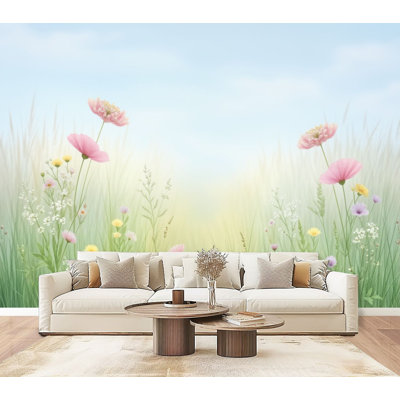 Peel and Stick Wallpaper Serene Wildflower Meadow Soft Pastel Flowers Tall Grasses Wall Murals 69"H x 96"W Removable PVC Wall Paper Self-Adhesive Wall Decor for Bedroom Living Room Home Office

* * *

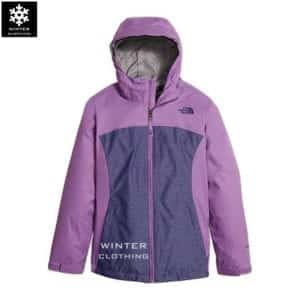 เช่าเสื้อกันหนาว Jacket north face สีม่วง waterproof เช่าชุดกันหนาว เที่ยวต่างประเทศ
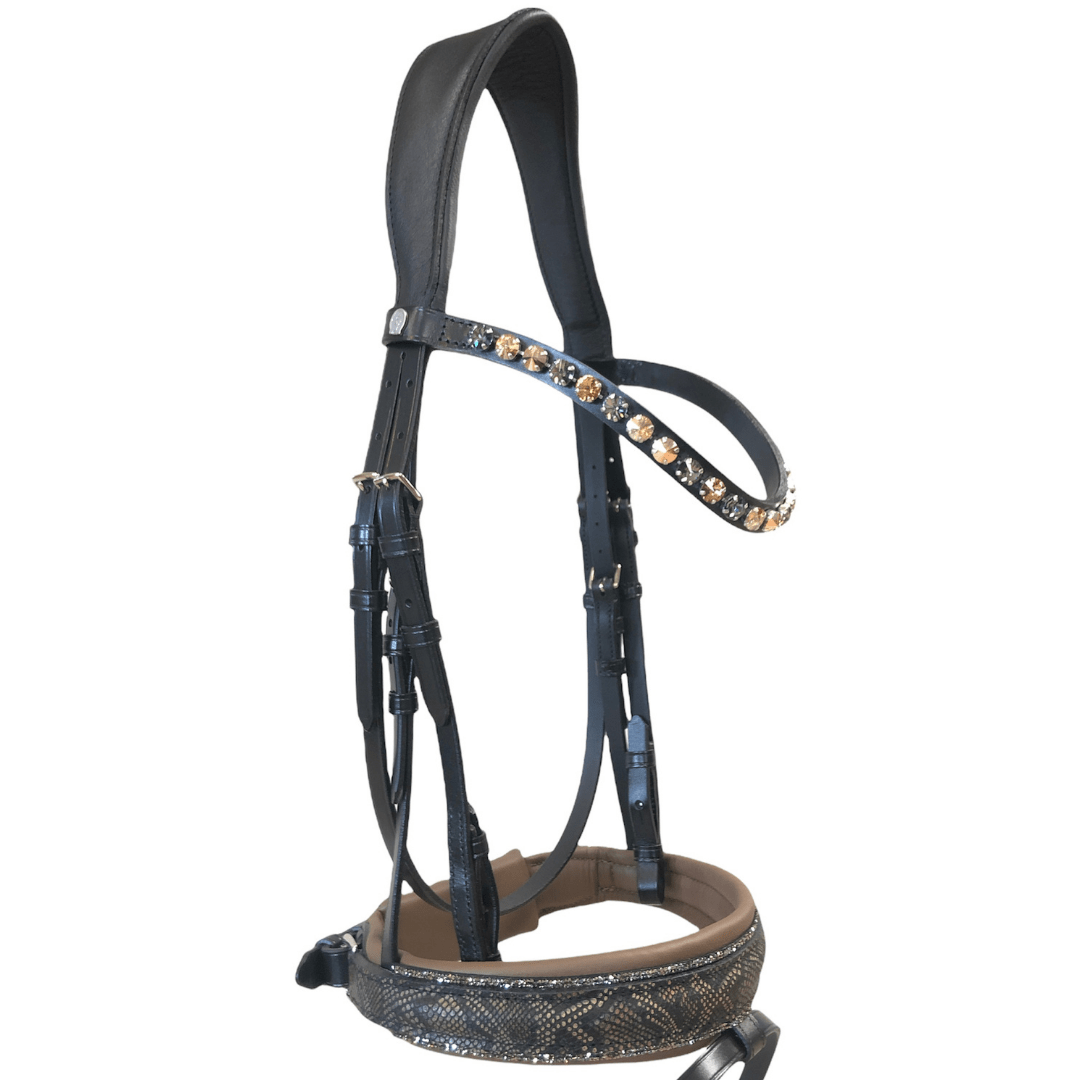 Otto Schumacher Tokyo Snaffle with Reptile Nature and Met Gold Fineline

--

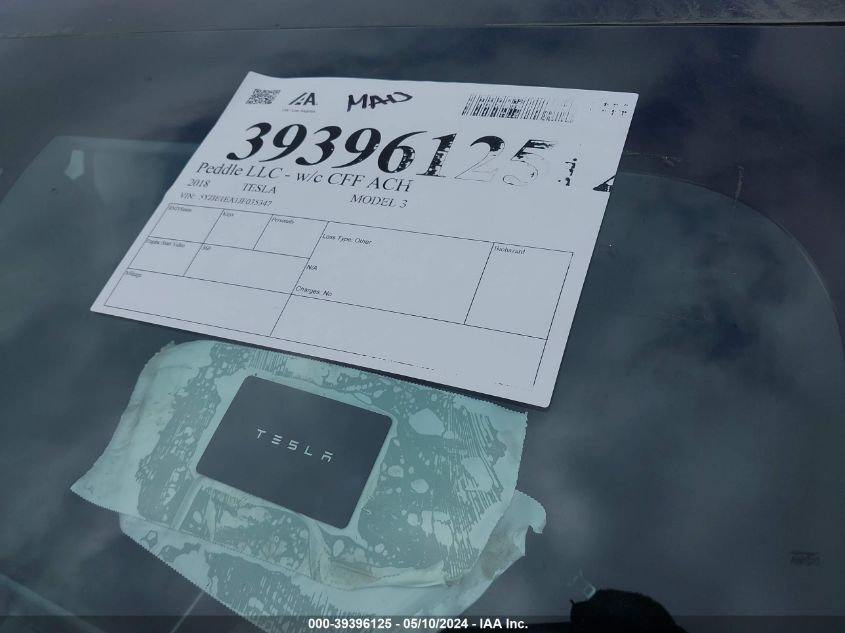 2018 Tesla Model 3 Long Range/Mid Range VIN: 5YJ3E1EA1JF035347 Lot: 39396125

TASK INSTRUCTIONS >> An exact copy is needed of the stretch above that opens with the line containing "เช่าเสื้อกันหนาว Jacket north" and closes with the line containing "Otto Schumacher Tokyo"; the pictures are not part of it.

REPLY TO THE EXERCISE >>
 เช่าเสื้อกันหนาว Jacket north face สีม่วง waterproof เช่าชุดกันหนาว เที่ยวต่างประเทศ
 Otto Schumacher Tokyo Snaffle with Reptile Nature and Met Gold Fineline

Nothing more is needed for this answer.